Personal information
- Born: September 25, 2002 (age 23) Charlotte, North Carolina, U.S.
- Listed height: 6 ft 5 in (1.96 m)
- Listed weight: 228 lb (103 kg)

Career information
- High school: South Mecklenburg (Charlotte)
- College: North Carolina (2021–2024)
- NFL draft: 2025: undrafted

Career history
- Minnesota Vikings (2025–2026)*;
- * Offseason or practice squad member only

Awards and highlights
- First-team All-ACC (2023);
- Stats at Pro Football Reference

= Bryson Nesbit =

American football player (born 2002)

Bryson Nesbit (born September 25, 2002) is an American professional football tight end.

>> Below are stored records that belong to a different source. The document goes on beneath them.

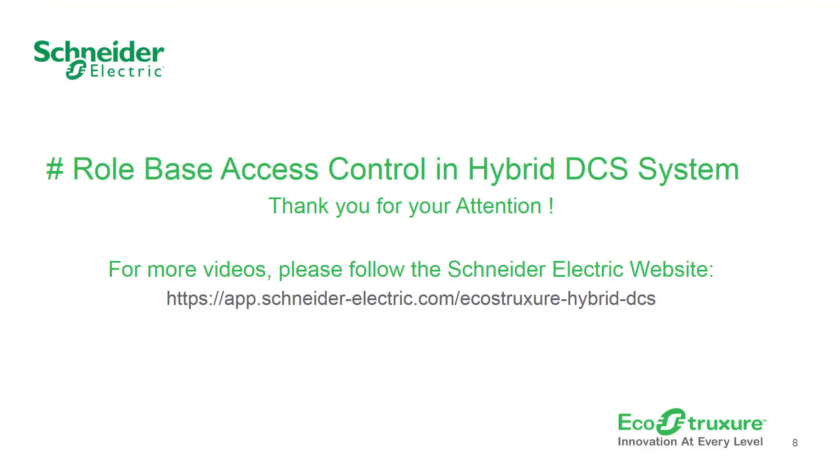To summarize and conclude, this video would be helpful for you to understand role-based access control in EcoStruxure Hybrid DCS System.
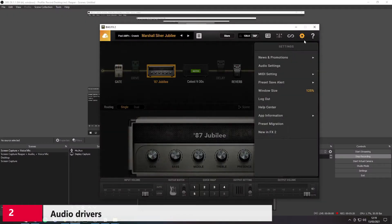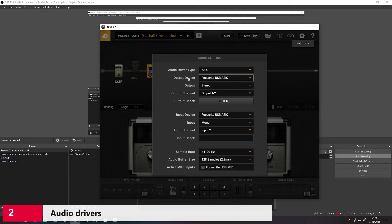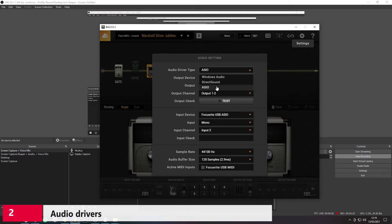Let me show you Bias FX — this is my amp sim of choice. If I go into the Settings window and pick Audio Settings, you can see I've got an option to select Driver Type, and I've got Windows Audio, Direct Sound, and ASIO. I will always use the ASIO driver — the one I installed when I bought my audio interface, which is a Focusrite Scarlett 6i6. If you don't see an ASIO option, that probably means you haven't installed the drivers for your interface. If you use Windows Audio or Direct Sound, you're going to get nowhere near the performance and you'll probably have a big problem with latency.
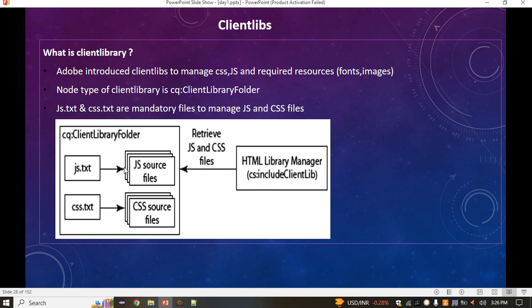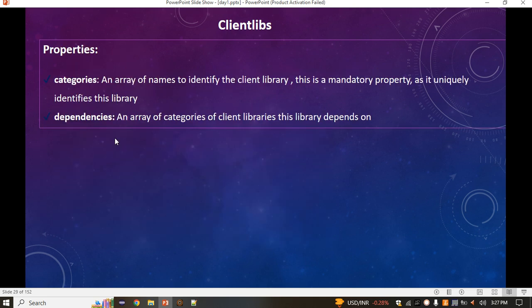For extra features like versioning and minification, Adobe has already created a configuration for this. You just simply go inside that configuration and if you want versioning, there is a checkbox you click. If you want minification, there is another checkbox. You just click it and you will get minification and versioning automatically.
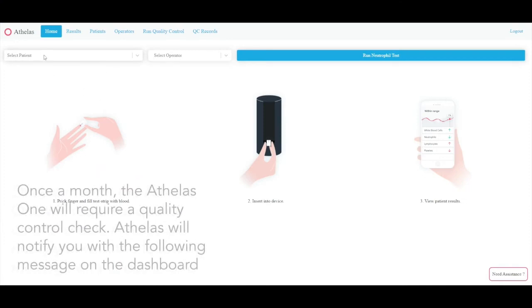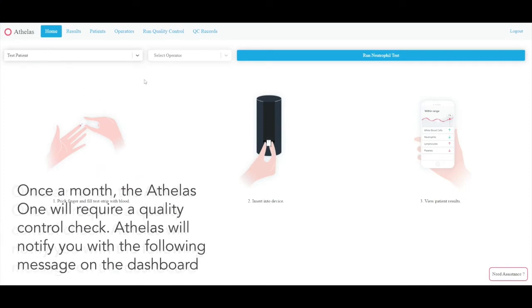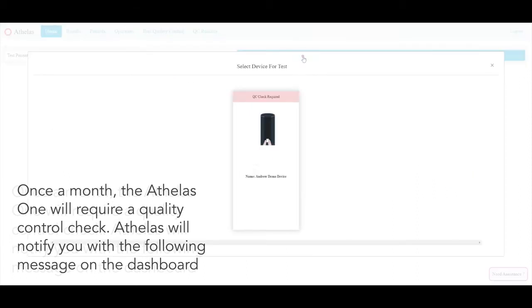Once a month, the Athelas 1 requires a quality control check. Athelas will notify you with a message on your dashboard.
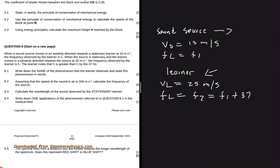Question 6.1 says: write down the name of the phenomenon that the learner observes and state this phenomenon in words. We know that the phenomenon is the Doppler effect, because the observed frequency and the emitted frequency are different due to the relative movement between the sound source, the listener, and the speed of sound in air.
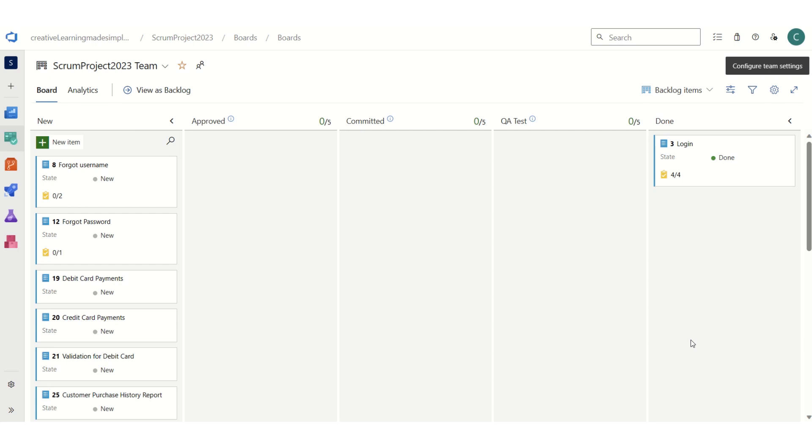So this was a brief overview of how we can specify the definition of done in a Scrum project. I hope you guys liked it. If you are new to this channel, please share and subscribe. Thank you.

He played college football for the North Carolina Tar Heels.

==Early life==
Nesbit grew up in Charlotte, North Carolina and attended South Mecklenburg High School. He was rated a four-star recruit and committed to play college football at North Carolina (UNC) over offers from UCLA, Ole Miss, South Carolina, and Virginia Tech.

==College career==
Nebsit played in 11 games during his freshman season with the Tar Heels at the University of North Carolina at Chapel Hill and finished the season with seven receptions 157 yards and one touchdown. He was named honorable mention All-Atlantic Coast Conference (All-ACC) as a sophomore after catching 35 passes for 507 yards and four touchdowns. His junior season would prove to be his best and most effective season in Chapel Hill to date. He caught 41 passes for 585 yards and 5 touchdowns, earning first team All-ACC honors in the process.

===Statistics===

| Year | Team | G | Rec | Yards | Avg | TDs |
|---|---|---|---|---|---|---|
| 2021 | North Carolina | 11 | 7 | 154 | 22.0 | 1 |
| 2022 | North Carolina | 14 | 35 | 507 | 14.5 | 4 |
| 2023 | North Carolina | 12 | 41 | 585 | 14.3 | 5 |
| Career |  | 37 | 83 | 1,246 | 15.0 | 10 |

==Professional career==

Nesbit signed with the Minnesota Vikings as an undrafted free agent on April 26, 2025. He was waived on August 26 as part of final roster cuts. Nesbit was re-signed to the practice squad the following day. He signed a reserve/future contract with Minnesota on January 5, 2026. On August 30, he was waived with an injury designation by the Vikings as part of the final roster cuts.

Pre-draft measurables
| Height | Weight | Arm length | Hand span | Wingspan | 40-yard dash | 10-yard split | 20-yard split | 20-yard shuttle | Three-cone drill | Vertical jump | Broad jump |
| 6 ft 5 in (1.96 m) | 238 lb (108 kg) | 31+3⁄4 in (0.81 m) | 9+3⁄4 in (0.25 m) | 6 ft 5+3⁄8 in (1.97 m) | 4.88 s | 1.61 s | 2.83 s | 4.48 s | 7.28 s | 32.5 in (0.83 m) | 9 ft 4 in (2.84 m) |
All values from NFL Combine/Pro Day

==Personal life==
Nesbit's father, Jamar Nesbit, played college football at South Carolina and in the NFL for 11 seasons as an offensive lineman. His mother, Tara, played soccer at South Carolina.